14/09/2017 02:14 - Blog do Celio Gomes
Por Redação

Um dia qualquer, em meados da década de 1990. Sobre um móvel, na sala do então diretor de jornalismo da TV Gazeta, Márcio Canuto, dispara o velho aparelho de telex. O papel começa a descer vagarosamente, revelando, a cada parágrafo, mais um comunicado da TV Globo para suas afiliadas. Eu era o chefe de redação.

Aquilo era uma rotina. Todos os dias, recebíamos a relação dos assuntos que estariam em pauta nos telejornais da rede. Pelo telex também chegavam solicitações de dados sobre algum assunto, convocações para encontros nacionais e pedidos para colaboração em reportagem que seria exibida em programas como o Fantástico ou o Globo Repórter.

Mas, naquele dia, o teor do comunicado era mais interessante. Tratava da qualidade do texto nas matérias produzidas tanto na rede quanto nas afiliadas. Era uma espécie de breve manual, com uma lista de termos e expressões que deveriam ser evitados. Mais do que isso, deveriam ser banidos. A justificativa para a recomendação era, de fato, indiscutível. Após duas ou três linhas com explicações, seguia-se a lista maldita.

O acidente deixou um rastro de destruição. Os bandidos estavam fortemente armados. A notícia caiu como uma bomba. No imposto de renda, o brasileiro deixa tudo pra última hora. A espera foi um teste de resistência. Para resolver o caso, vale o jeitinho brasileiro. Esses eram apenas alguns exemplos de uma imensa coleção de barbaridades que, segundo os editores que assinavam a mensagem, serviam apenas para empobrecer o texto.

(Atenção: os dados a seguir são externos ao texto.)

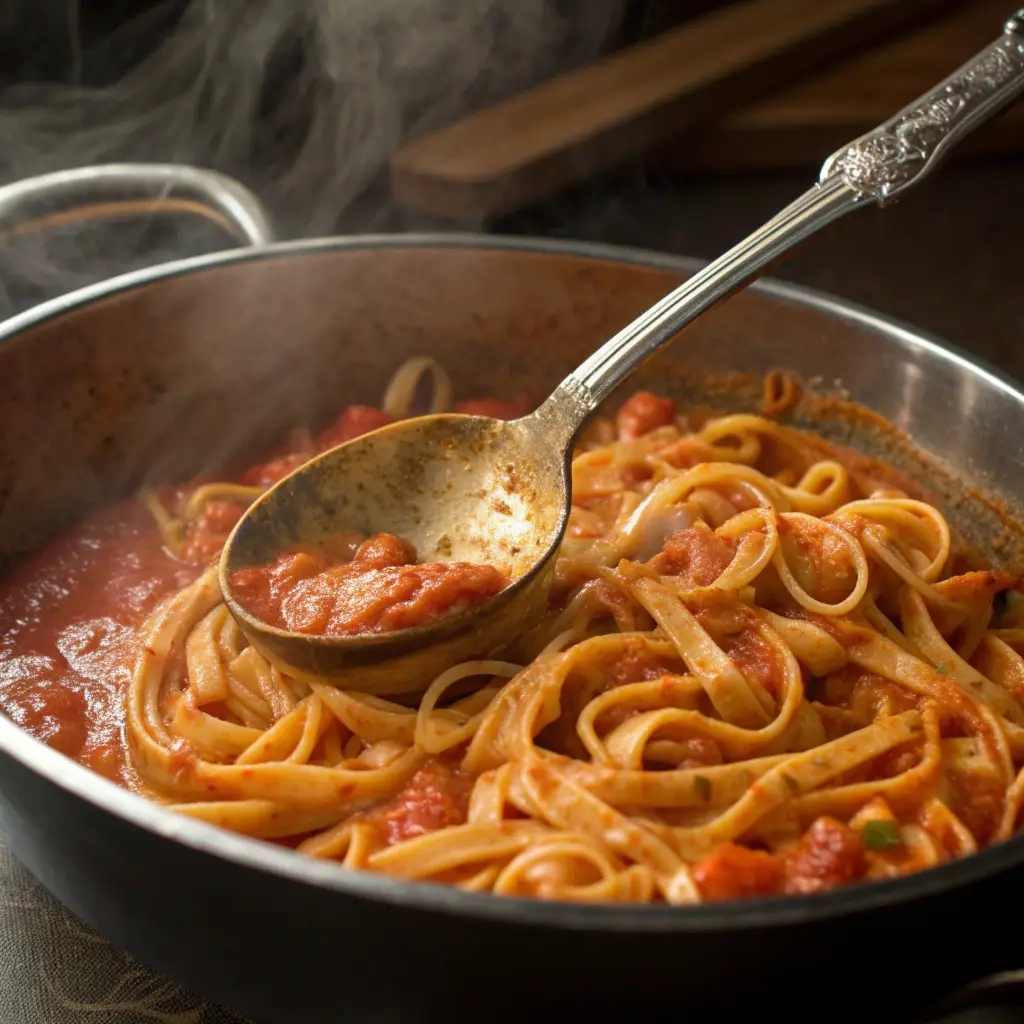 Close up of the creamy texture of roasted red pepper sauce.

No fim do século 19, Gustave Flaubert já sabia desses perigos que rondam a linguagem. Disposto a combater o mal, a seu modo, escreveu o desconcertante Dicionário de Ideias Feitas. Inspirado no clássico autor francês, o mineiro Fernando Sabino lançou, em 1952, o seu Lugares Comuns: as bobagens que a gente diz. Com outra pegada, o professor e crítico de arte Teixeira Coelho publicou, em 1991, Dicionário do Brasileiro de Bolso.

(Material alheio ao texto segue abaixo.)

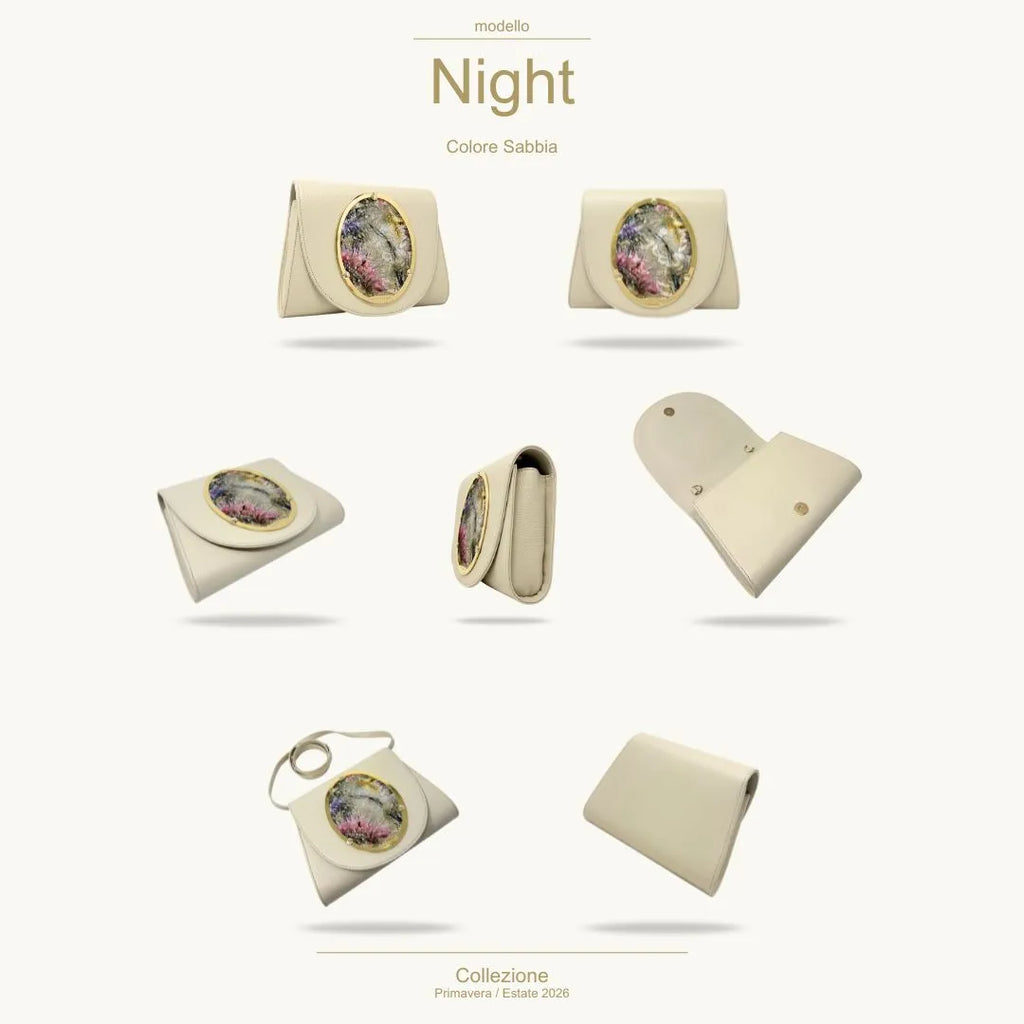 Gamberini Bag | Borse artigianali personalizzabili | Borsa Night con 3 Cameo | Tessuti alta moda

Os editores da Globo estavam certos, não há dúvida. Mas perderam a guerra. Nos telejornais da emissora e suas afiliadas, vemos o triunfo absoluto do clichê, da frase feita e do lugar-comum. É quase impossível assistir a uma reportagem sem que nossos ouvidos não sejam fuzilados com soluções textuais que nada significam. Chega a ser engraçado ver repórteres, cheios de ênfase e gravidade, cometer esse tipo de atentado contra a língua, sem dó nem piedade.

Mais de vinte anos depois daquele telex, despencou nosso padrão intelectual? Talvez. De todo modo, admita-se que o inimigo tem um poder desmedido. Uma força de atração infernal sobre o pobre redator. Um verdadeiro monstro. Ainda que um pouco mais de leitura possa ajudar, sempre estaremos com a faca no pescoço. Mas não podemos desistir. Como dizem os criativos repórteres no Globo Esporte, é vencer ou vencer! No mais, vida que segue.